Sugarfree marble pumpkin cake

Sugarfree marble pumpkin cake

Super easy
Preparation time: 20 min.
Baking time: 1 h.
14 porties

We're all familiar with marble cake and pumpkin cake. But how about a marriage between marble cake and pumpkin cake? That's what you get with this delicious sugarfree marble pumpkin cake by Iris, a talented vegan and sugar-free baker. It has a healthy base made with almond flour, coconut flour, and whole wheat flour. It's sugarfree thanks to the use of Steviala Kristal Sweet Vanilla and Steviala Ery-Pure! In addition, you can indulge in a slice of this delightful marble pumpkin cake without worries. Please note that due to the use of wheat flour, this marble pumpkin cake is not low in carbohydrates. However, you can choose to replace it with an additional 150% almond flour and extra binding agent if desired. In short, it's a wonderful recipe for everyone! So let's make it!

Ingredients

Sugarfree marble pumpkin cake

  • 100 grams Steviala almond flour
  • 60 grams Steviala coconut flour
  • 60 grams whole wheat flour
  • 15 grams baking powder
  • 1 teaspoon baking soda
  • 100 grams Steviala Ery-Pure
  • 60 grams Steviala Kristal Sweet Vanilla
  • 2 eggs
  • 1 teaspoon vanilla extract
  • 1 teaspoon apple cider vinegar
  • 340 grams pumpkin puree
  • 40 grams melted coconut oil
  • 4 teaspoons cinnamon
  • 1.5 teaspoons ginger
  • 0.5 teaspoon nutmeg (ground)
  • 0.5 teaspoon cloves (ground)
  • 1 teaspoon allspice (ground)
  • 3 tablespoons cocoa powder
  • 3 tablespoons hot coffee

Baking supplies

  • Cake pan (20, 22, or 25 cm)
  • Mixer
  • Mixing bowl
  • Baking paper

Preparation

Making sugarfree marble pumpkin cake

First, preheat the oven to 180 degrees Celsius (356 degrees Fahrenheit) on the hot air setting. Then line your cake pan with a piece of baking paper. In a mixing bowl, combine the spices, almond flour, coconut flour, whole wheat flour, baking powder, baking soda, and sweeteners. Mix well. Then gradually add the wet ingredients to the dry mixture while stirring. Note that this is without the coffee. Next, mix until you have a homogeneous mixture. Then divide the batter into two equal parts. At las, add cocoa powder and coffee to one part and mix it well.
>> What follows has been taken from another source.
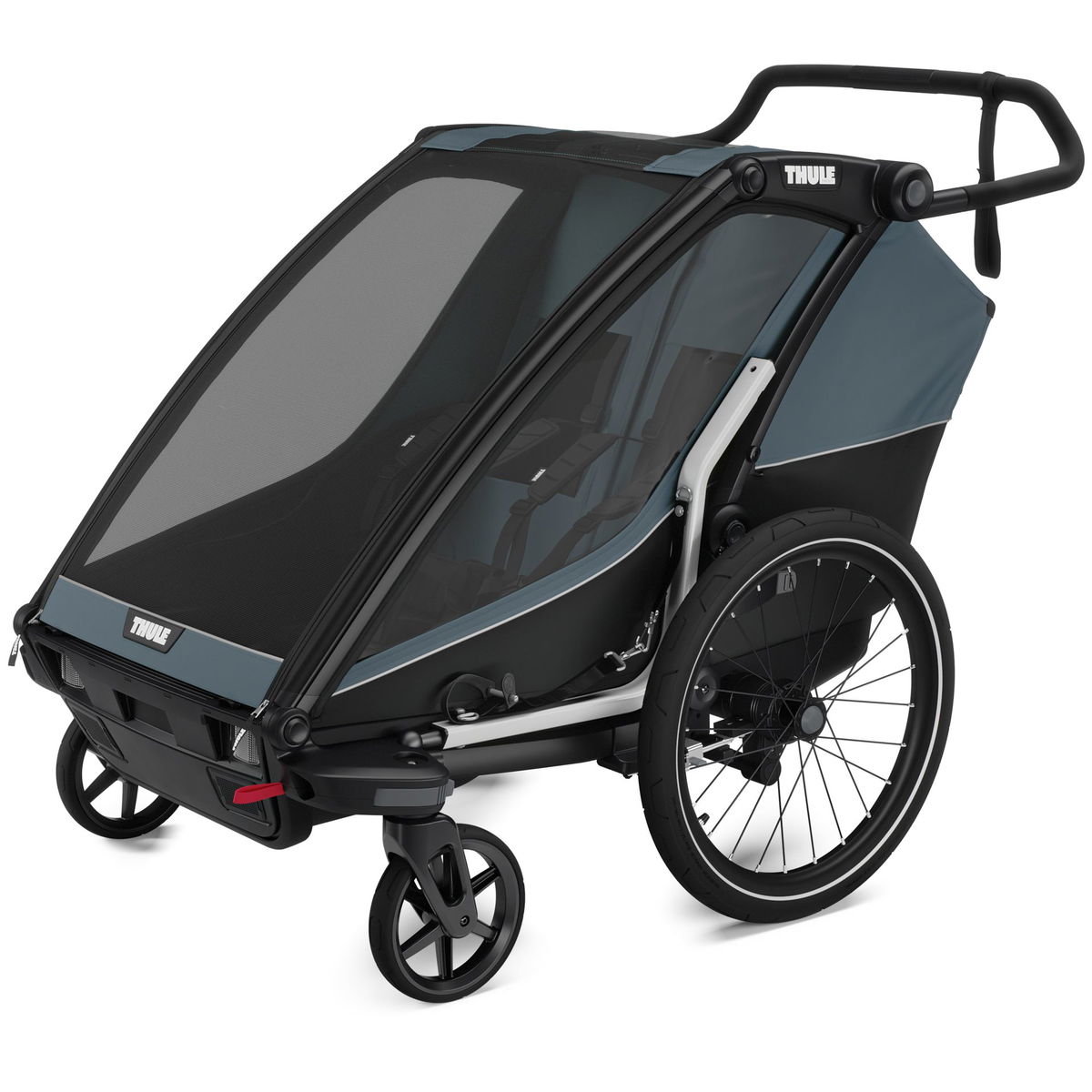 THULETHULE   Chariot CAB 2 black/dark slate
Now, alternate adding a few scoops of the white batter and then a few scoops of the cocoa batter into the cake pan. After all the batter is in the pan, briefly stir it with a skewer to create a marble effect. Furthermore, bake the sugarfree marble pumpkin cake for about 60 minutes in the oven. Once done, remove the cake from the oven and then let it cool completely outside the oven.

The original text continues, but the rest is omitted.